I have a large collection of 12000 data entries for example and want to insert them via EF6 into a sqlite database. The most time consumes the instantiation of the data models:
at the moment I loop 12000 times 'new myItem()'
downloaded12000Items.foreach(result =>{
var myItem= new myItem
{
Id = result.Id,
Description = result.Description,
Property1 = result.Property1
}
resultList.add(myItem);
});
unitOfWork.ItemRepository.InsertRange(resultList);
How can I speed up the instantiation of the models or is there maybe another way to insert the data faster into the sqlite database?
EDIT: I have to explain my problem better. The bottleneck is NOT the insert() into the database. To use EF6 .insert(someModel) you have to create an instance of a modelclass of your entity. I have to do this 12000 times, the instantiation of all the 12000 modelclasses takes too much time.
My question was, is there a possibility to fasten up the instatiation process of the model classes, maybe by cloning or something else?
Or, is there maybe a chance to insert the data into the sqlite db without using .insert(someModel), maybe by using a direct sql command or something else? Obviously skipping the model instantiation could be helpful...

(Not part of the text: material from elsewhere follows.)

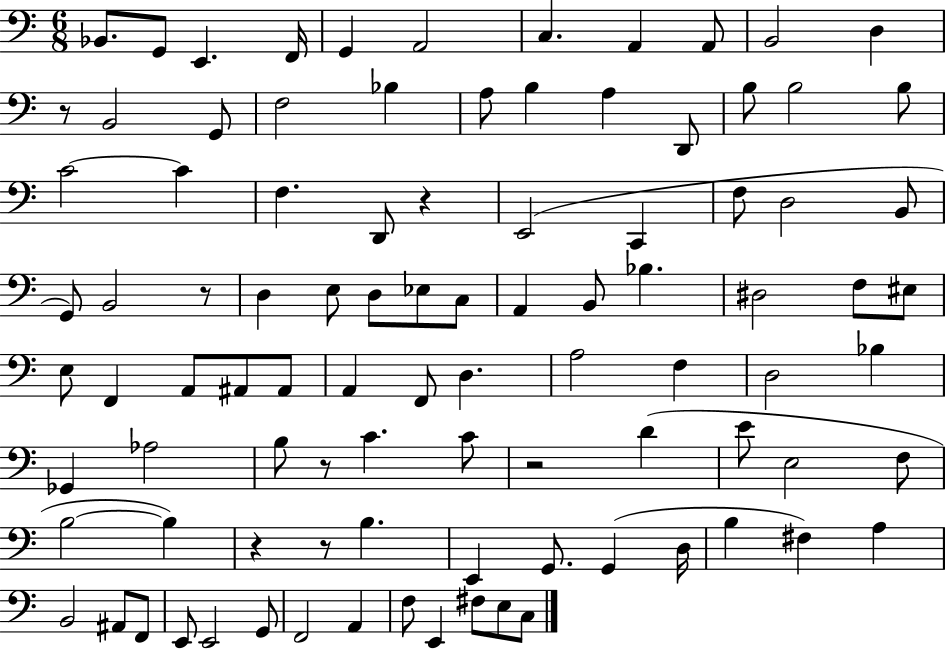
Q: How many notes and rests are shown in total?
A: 95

The bottleneck is probably the adding of the entities to the context.
unitOfWork.ItemRepository.Insert(myItem);
At first it doesn't take much time, but after 100s or 1000 records, it does.
See also this answer for other optimizations you might be able to add (read the comments of the linked answer!).

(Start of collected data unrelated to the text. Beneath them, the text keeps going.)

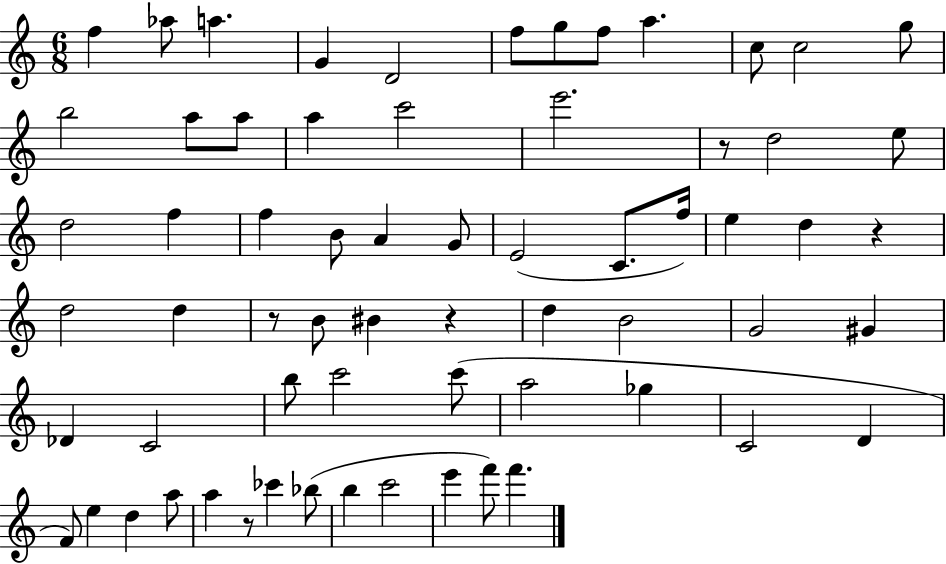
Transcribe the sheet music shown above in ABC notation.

X:1
T:Untitled
M:6/8
L:1/4
K:C
f _a/2 a G D2 f/2 g/2 f/2 a c/2 c2 g/2 b2 a/2 a/2 a c'2 e'2 z/2 d2 e/2 d2 f f B/2 A G/2 E2 C/2 f/4 e d z d2 d z/2 B/2 ^B z d B2 G2 ^G _D C2 b/2 c'2 c'/2 a2 _g C2 D F/2 e d a/2 a z/2 _c' _b/2 b c'2 e' f'/2 f'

How can I speed up the instantiation of the models or is there maybe another way to insert the data faster into the sqlite database?

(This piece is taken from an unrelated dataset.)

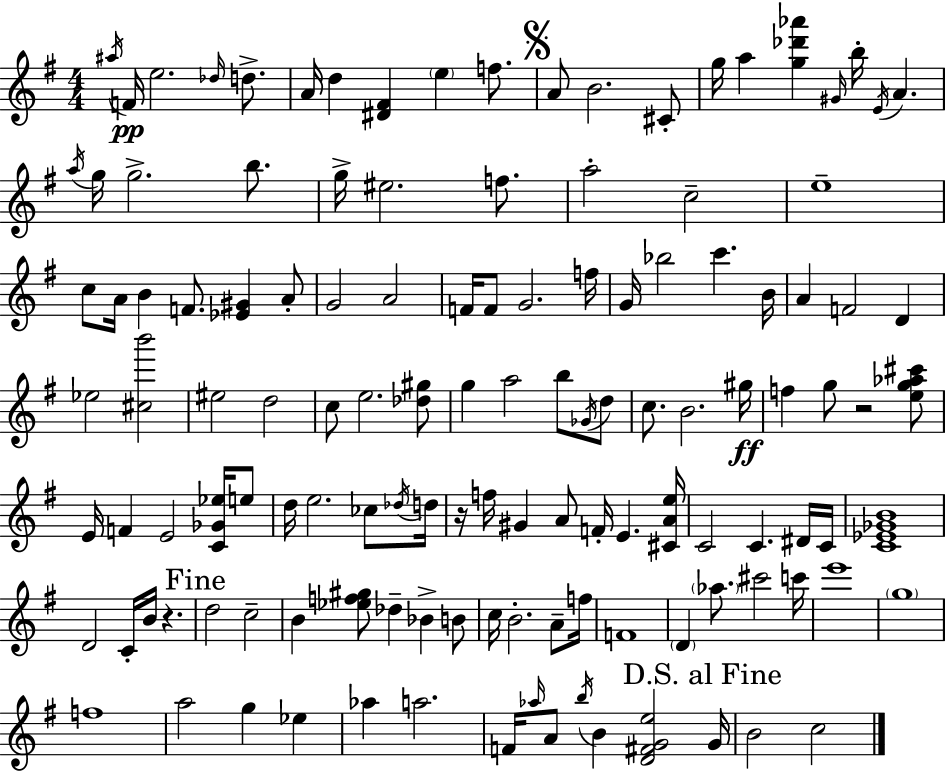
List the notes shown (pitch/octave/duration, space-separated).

A#5/s F4/s E5/h. Db5/s D5/e. A4/s D5/q [D#4,F#4]/q E5/q F5/e. A4/e B4/h. C#4/e G5/s A5/q [G5,Db6,Ab6]/q G#4/s B5/s E4/s A4/q. A5/s G5/s G5/h. B5/e. G5/s EIS5/h. F5/e. A5/h C5/h E5/w C5/e A4/s B4/q F4/e. [Eb4,G#4]/q A4/e G4/h A4/h F4/s F4/e G4/h. F5/s G4/s Bb5/h C6/q. B4/s A4/q F4/h D4/q Eb5/h [C#5,B6]/h EIS5/h D5/h C5/e E5/h. [Db5,G#5]/e G5/q A5/h B5/e Gb4/s D5/e C5/e. B4/h. G#5/s F5/q G5/e R/h [E5,G5,Ab5,C#6]/e E4/s F4/q E4/h [C4,Gb4,Eb5]/s E5/e D5/s E5/h. CES5/e Db5/s D5/s R/s F5/s G#4/q A4/e F4/s E4/q. [C#4,A4,E5]/s C4/h C4/q. D#4/s C4/s [C4,Eb4,Gb4,B4]/w D4/h C4/s B4/s R/q. D5/h C5/h B4/q [Eb5,F5,G#5]/e Db5/q Bb4/q B4/e C5/s B4/h. A4/e F5/s F4/w D4/q Ab5/e. C#6/h C6/s E6/w G5/w F5/w A5/h G5/q Eb5/q Ab5/q A5/h. F4/s Ab5/s A4/e B5/s B4/q [D4,F#4,G4,E5]/h G4/s B4/h C5/h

Use the equivalent of await Context.SaveChangesAsync() in your repo after you have finished looping and inserting "12000 data entries" . Tell me more
Note it is no longer necessary to perform the following in order to improve performance:
context.Configuration.AutoDetectChangesEnabled = false; // out of date
context.Configuration.ValidateOnSaveEnabled = false; // out of date
...such code has its own drawbacks but more importantly it is based on out-of-date philosophy and does not take advantage of await in EF.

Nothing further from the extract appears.